PEG Copolymers in Drug Delivery

Polyethylene glycol (PEG) has become an important polymer material in the pharmaceutical field due to its excellent biocompatibility, low toxicity, and tunable physicochemical properties. By copolymerizing with other molecules or polymers, PEG can enhance the solubility, stability, and bioavailability of drugs, particularly exhibiting significant advantages in improving the half-life and targeting of drugs. PEG copolymers effectively reduce immune responses to drugs in the body, enhance therapeutic efficacy, and minimize adverse reactions. Therefore, PEG copolymers not only show potential in traditional drug delivery but also play an increasingly important role in novel therapeutic areas such as nanoparticle drug carriers, vaccine delivery, and antibody-drug conjugates (ADCs). With further research into PEG copolymers, their application prospects in drug delivery systems will become even broader and more diversified.

What are Block Copolymers?

Block copolymers are a type of important multiphase system that has gained significant attention from physicists, chemists, and biologists in recent years due to their favorable properties. They are widely used in industries such as pharmaceuticals, construction, and chemicals. Block copolymers are formed by the head-to-tail connection of two or more macromolecules with different chemical structures and physical-chemical properties. Each segment of the polymer that constitutes a block copolymer is referred to as a "block." Due to the inherent differences in the hydrophilicity, solubility, and physicochemical properties of the polymer blocks, block copolymers can form various microstructures. Block copolymers are typically represented by A-B type two-block copolymers, A-B-C type or A-B-A type three-block copolymers, -(-A-B-)n- type multiblock copolymers, cyclic block copolymers, and star-branched copolymers, etc.

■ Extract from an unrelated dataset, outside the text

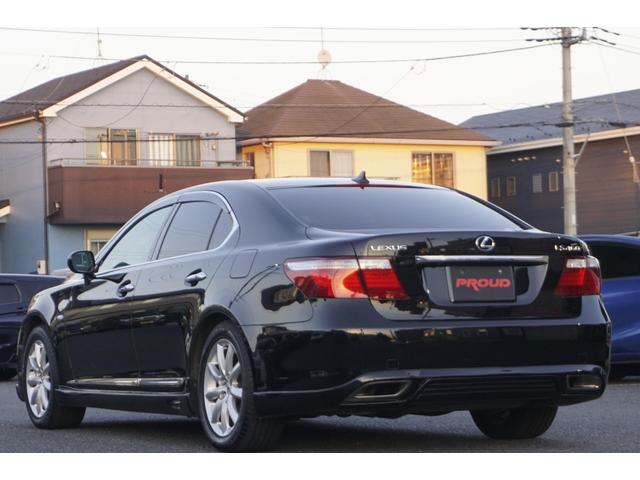 LS LS460 バージョンU 1年保証付 純正HDDナビ フルセグTV バックカメラ ETC レザーシート シートヒーター シートエアコン クルーズコントロール ステアリングスイッチ HIDヘッドライト CD再生 プッシュスタート(10枚目)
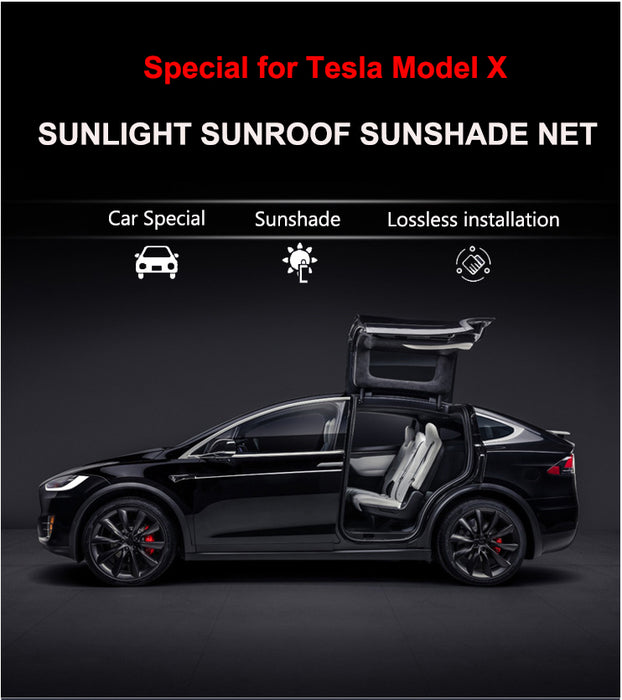 Pare-soleil "SKYLIGHT" Tesla Model X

Fig. 1. PEG-PLGA copolymers (J Control Release. 2014, 183: 77-86).

Amphiphilic Block Copolymers for Drug Delivery

The choice of carriers is crucial in drug delivery systems, and block copolymer micelles, as high-quality polymer materials, have attracted widespread attention from both academia and industry due to their unique advantages. Based on extensive research and summarization of previous works, block copolymer micelles are selected as drug delivery carriers due to the following benefits:

• Simple preparation methods that do not cause environmental pollution;
• High structural stability of block copolymer micelles;
• Increased drug loading capacity, allowing for effective drug delivery;
• Block copolymer micelles typically have sizes ranging from 10 to 100 nm, ensuring long circulation in the bloodstream;
• Block copolymers can covalently bind drugs to the hydrophobic part of the copolymer or encapsulate drugs within the micelle via various interactions;
• High drug loading rates can be achieved without chemical modification.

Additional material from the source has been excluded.